The order doesn't mind.

Database access

Setup the DB access inserting settings.json into scrappy_official_newspapers.

{
  "username": "username",
  "password": "password",
  "db_name": "db_name",
  "aws_endpoint": "your_db_instance_access"
}

S3 Access

Setup scrapy settings.py located at scrappy_official_newspapers

AWS_ACCESS_KEY_ID = "XXXXXXXXXXXXXXXXXXXX"
AWS_SECRET_ACCESS_KEY = "XXXXXXXXXXXXXXXXXXXXXXXXXXXXXXXXXXXXXX"
FILES_STORE = 's3://wri-latin-test/'

Run

from repository root:

  • cd scrapy_official_newspapers
  • scrapy crawl leychile
  • scrapy crawl MexicoDOF

Monitorization/Debug/Test

Through mysql table inspection, you can check how the information is being inserted.

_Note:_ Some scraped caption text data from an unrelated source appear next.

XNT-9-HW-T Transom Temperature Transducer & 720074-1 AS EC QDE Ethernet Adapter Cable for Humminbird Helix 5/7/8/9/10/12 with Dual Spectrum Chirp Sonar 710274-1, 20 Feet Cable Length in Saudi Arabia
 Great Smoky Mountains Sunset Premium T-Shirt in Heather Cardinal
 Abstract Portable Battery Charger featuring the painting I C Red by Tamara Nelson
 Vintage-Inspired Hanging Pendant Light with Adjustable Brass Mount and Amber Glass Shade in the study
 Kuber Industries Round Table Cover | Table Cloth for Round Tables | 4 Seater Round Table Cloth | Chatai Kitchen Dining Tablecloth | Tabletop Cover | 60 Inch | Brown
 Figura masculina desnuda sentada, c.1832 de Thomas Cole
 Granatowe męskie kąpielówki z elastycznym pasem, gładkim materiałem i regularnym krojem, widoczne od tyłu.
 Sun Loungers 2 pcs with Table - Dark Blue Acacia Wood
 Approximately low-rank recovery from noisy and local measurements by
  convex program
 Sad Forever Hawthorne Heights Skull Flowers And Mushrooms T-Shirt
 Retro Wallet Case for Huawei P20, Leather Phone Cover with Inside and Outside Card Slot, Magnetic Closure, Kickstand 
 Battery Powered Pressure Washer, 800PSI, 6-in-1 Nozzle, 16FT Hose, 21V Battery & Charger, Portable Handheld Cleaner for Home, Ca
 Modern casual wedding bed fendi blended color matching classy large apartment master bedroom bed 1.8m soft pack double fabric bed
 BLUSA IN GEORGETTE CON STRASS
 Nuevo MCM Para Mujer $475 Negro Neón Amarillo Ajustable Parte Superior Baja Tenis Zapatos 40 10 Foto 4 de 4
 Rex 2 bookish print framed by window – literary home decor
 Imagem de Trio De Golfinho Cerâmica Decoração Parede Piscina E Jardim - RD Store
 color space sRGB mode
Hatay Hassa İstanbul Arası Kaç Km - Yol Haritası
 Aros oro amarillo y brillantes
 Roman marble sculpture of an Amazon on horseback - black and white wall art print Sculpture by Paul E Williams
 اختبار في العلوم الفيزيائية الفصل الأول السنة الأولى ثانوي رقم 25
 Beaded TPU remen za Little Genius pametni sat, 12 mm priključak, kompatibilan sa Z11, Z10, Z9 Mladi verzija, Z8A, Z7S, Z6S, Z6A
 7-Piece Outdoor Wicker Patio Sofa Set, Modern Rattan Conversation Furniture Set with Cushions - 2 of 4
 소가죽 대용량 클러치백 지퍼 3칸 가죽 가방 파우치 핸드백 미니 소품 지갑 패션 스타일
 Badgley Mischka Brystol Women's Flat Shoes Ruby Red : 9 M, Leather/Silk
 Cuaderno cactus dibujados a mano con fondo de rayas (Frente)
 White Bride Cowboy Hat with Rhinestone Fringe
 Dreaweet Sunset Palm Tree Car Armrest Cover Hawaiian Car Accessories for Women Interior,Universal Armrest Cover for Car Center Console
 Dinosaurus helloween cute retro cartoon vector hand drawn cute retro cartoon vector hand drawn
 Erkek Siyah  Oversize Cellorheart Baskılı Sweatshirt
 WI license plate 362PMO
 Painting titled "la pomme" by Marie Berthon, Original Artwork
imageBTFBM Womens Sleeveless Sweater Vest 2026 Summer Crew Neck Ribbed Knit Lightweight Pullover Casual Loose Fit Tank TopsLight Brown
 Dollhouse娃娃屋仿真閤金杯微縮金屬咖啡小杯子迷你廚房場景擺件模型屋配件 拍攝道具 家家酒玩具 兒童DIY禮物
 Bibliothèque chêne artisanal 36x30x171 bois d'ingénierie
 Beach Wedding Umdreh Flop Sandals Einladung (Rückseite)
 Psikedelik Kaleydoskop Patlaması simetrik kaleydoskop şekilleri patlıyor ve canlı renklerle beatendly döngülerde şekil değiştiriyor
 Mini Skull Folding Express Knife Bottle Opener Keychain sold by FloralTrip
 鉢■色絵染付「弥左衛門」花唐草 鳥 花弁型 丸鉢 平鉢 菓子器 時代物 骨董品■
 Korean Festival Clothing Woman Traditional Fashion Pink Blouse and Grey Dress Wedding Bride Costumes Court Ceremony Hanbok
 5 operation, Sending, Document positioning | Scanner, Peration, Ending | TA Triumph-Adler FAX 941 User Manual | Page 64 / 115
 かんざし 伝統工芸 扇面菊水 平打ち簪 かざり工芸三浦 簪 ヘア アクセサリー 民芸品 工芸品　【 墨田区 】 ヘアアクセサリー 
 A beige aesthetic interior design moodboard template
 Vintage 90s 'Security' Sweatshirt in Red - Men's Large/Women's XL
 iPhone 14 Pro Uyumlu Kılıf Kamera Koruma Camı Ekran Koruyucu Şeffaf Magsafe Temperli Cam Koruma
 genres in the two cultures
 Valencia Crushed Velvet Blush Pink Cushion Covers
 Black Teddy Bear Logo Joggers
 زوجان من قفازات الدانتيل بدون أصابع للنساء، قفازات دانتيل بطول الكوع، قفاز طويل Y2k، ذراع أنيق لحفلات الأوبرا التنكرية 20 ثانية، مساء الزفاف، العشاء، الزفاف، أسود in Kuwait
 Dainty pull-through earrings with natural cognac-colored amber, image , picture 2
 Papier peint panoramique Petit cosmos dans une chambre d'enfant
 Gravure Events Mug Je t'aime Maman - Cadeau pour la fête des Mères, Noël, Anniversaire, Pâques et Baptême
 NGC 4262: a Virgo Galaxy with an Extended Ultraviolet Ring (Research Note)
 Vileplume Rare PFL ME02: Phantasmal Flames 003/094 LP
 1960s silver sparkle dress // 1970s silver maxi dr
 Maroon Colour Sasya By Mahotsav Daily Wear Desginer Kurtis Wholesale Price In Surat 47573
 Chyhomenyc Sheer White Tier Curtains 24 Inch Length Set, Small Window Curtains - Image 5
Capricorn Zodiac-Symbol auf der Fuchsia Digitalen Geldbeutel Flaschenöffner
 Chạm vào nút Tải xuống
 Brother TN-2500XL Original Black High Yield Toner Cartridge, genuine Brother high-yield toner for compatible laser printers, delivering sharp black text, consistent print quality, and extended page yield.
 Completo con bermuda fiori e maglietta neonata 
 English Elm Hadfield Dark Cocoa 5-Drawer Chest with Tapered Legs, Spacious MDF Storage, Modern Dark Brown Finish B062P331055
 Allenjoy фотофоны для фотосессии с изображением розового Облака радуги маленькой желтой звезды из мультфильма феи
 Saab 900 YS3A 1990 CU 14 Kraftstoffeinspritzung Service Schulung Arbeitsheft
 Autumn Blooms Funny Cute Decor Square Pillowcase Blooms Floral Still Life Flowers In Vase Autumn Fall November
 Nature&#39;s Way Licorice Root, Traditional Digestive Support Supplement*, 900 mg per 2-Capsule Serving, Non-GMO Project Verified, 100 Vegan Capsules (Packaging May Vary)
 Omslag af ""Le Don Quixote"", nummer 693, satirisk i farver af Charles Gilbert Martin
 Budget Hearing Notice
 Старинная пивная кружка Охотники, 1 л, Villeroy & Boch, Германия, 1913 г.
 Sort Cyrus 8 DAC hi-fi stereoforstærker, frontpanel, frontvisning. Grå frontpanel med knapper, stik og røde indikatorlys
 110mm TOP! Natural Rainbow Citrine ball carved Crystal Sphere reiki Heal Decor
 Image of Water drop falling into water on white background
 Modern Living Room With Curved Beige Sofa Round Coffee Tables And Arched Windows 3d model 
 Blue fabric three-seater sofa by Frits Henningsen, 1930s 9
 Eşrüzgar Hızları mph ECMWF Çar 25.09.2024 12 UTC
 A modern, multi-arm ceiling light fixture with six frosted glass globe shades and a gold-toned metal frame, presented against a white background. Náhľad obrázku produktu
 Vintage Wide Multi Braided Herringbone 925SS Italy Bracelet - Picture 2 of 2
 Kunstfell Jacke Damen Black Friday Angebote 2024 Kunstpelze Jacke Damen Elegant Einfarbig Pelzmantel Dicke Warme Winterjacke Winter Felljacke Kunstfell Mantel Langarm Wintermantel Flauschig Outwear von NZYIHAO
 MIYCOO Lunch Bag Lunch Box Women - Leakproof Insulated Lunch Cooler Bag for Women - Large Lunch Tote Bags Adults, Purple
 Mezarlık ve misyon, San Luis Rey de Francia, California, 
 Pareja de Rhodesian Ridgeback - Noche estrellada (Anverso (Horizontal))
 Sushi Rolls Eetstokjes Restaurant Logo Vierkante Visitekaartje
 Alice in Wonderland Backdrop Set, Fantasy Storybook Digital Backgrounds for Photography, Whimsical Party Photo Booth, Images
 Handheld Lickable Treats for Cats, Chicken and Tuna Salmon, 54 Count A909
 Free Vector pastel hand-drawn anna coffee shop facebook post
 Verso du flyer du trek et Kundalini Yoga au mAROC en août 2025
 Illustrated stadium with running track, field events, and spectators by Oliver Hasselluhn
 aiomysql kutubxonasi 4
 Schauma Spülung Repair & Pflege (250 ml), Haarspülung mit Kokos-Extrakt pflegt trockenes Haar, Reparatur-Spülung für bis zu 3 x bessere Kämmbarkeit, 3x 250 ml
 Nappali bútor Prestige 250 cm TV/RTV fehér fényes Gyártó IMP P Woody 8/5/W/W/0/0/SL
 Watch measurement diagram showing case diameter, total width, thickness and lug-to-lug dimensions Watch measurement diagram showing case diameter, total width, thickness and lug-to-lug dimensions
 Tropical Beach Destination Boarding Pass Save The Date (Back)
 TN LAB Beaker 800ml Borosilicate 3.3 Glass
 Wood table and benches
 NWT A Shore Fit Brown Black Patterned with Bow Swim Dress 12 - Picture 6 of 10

Through https://console.aws.amazon.com/console/home after authenticating you can navigate to S3 Service, you can check the files uploaded and their properties.

Goal

Provide a structured information system, from multiple variated sources formats containing raw official policy documents, keeping the reference to their attributes.

Attributes

country

geo_code

level

source

title

reference

authorship

resume

publication_date

enforcement_date url

doc_url

doc_name

doc_type

file_urls (Needed for Scrappy S3FilesPipeline, Not in DB Schema)

Not implemented like that, but the idea is to also keep track of:

  • file_raw_S3_url
  • file_proccesed_task_1_S3_url

So we are able to keep track of the policies with their attributes and also have the capability of maintaining the relationships and results of different processes.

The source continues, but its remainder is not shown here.